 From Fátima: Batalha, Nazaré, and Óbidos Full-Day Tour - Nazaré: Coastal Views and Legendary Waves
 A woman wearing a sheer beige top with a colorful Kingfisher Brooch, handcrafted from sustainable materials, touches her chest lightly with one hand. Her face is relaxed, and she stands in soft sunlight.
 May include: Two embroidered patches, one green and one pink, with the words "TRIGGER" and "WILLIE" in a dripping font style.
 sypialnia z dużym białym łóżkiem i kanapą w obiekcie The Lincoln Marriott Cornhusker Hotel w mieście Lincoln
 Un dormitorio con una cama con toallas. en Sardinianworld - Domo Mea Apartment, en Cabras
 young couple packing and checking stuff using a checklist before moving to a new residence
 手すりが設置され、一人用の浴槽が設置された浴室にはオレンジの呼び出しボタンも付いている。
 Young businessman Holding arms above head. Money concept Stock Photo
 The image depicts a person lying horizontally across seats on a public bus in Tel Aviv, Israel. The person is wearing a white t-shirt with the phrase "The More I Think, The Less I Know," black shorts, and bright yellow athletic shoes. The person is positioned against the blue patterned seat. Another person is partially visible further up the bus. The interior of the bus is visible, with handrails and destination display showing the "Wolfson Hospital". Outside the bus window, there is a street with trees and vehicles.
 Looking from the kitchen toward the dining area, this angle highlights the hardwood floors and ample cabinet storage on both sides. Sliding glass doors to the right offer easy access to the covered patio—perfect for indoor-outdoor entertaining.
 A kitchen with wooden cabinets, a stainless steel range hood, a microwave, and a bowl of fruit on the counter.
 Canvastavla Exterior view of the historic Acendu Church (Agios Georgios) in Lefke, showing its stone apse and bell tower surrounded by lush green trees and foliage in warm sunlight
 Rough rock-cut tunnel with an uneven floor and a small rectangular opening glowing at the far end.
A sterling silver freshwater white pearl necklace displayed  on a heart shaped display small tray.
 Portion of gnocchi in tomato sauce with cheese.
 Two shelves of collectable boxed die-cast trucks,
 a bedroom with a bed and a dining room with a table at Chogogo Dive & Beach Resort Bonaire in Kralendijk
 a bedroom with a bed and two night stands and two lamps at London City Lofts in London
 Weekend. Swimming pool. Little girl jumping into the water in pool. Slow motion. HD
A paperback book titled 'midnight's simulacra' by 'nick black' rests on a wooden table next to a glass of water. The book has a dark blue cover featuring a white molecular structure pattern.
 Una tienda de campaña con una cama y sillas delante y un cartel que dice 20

====================

_INSTRUCTIONS FOR THE TASK_.
An exact copy of the lines above, from the one containing "A woman wearing" down to the one containing "Two shelves of" and including both, is the whole answer; retype it and nothing else.

_ANSWER TO THIS TASK_.
 A woman wearing a sheer beige top with a colorful Kingfisher Brooch, handcrafted from sustainable materials, touches her chest lightly with one hand. Her face is relaxed, and she stands in soft sunlight.
 May include: Two embroidered patches, one green and one pink, with the words "TRIGGER" and "WILLIE" in a dripping font style.
 sypialnia z dużym białym łóżkiem i kanapą w obiekcie The Lincoln Marriott Cornhusker Hotel w mieście Lincoln
 Un dormitorio con una cama con toallas. en Sardinianworld - Domo Mea Apartment, en Cabras
 young couple packing and checking stuff using a checklist before moving to a new residence
 手すりが設置され、一人用の浴槽が設置された浴室にはオレンジの呼び出しボタンも付いている。
 Young businessman Holding arms above head. Money concept Stock Photo
 The image depicts a person lying horizontally across seats on a public bus in Tel Aviv, Israel. The person is wearing a white t-shirt with the phrase "The More I Think, The Less I Know," black shorts, and bright yellow athletic shoes. The person is positioned against the blue patterned seat. Another person is partially visible further up the bus. The interior of the bus is visible, with handrails and destination display showing the "Wolfson Hospital". Outside the bus window, there is a street with trees and vehicles.
 Looking from the kitchen toward the dining area, this angle highlights the hardwood floors and ample cabinet storage on both sides. Sliding glass doors to the right offer easy access to the covered patio—perfect for indoor-outdoor entertaining.
 A kitchen with wooden cabinets, a stainless steel range hood, a microwave, and a bowl of fruit on the counter.
 Canvastavla Exterior view of the historic Acendu Church (Agios Georgios) in Lefke, showing its stone apse and bell tower surrounded by lush green trees and foliage in warm sunlight
 Rough rock-cut tunnel with an uneven floor and a small rectangular opening glowing at the far end.
A sterling silver freshwater white pearl necklace displayed  on a heart shaped display small tray.
 Portion of gnocchi in tomato sauce with cheese.
 Two shelves of collectable boxed die-cast trucks,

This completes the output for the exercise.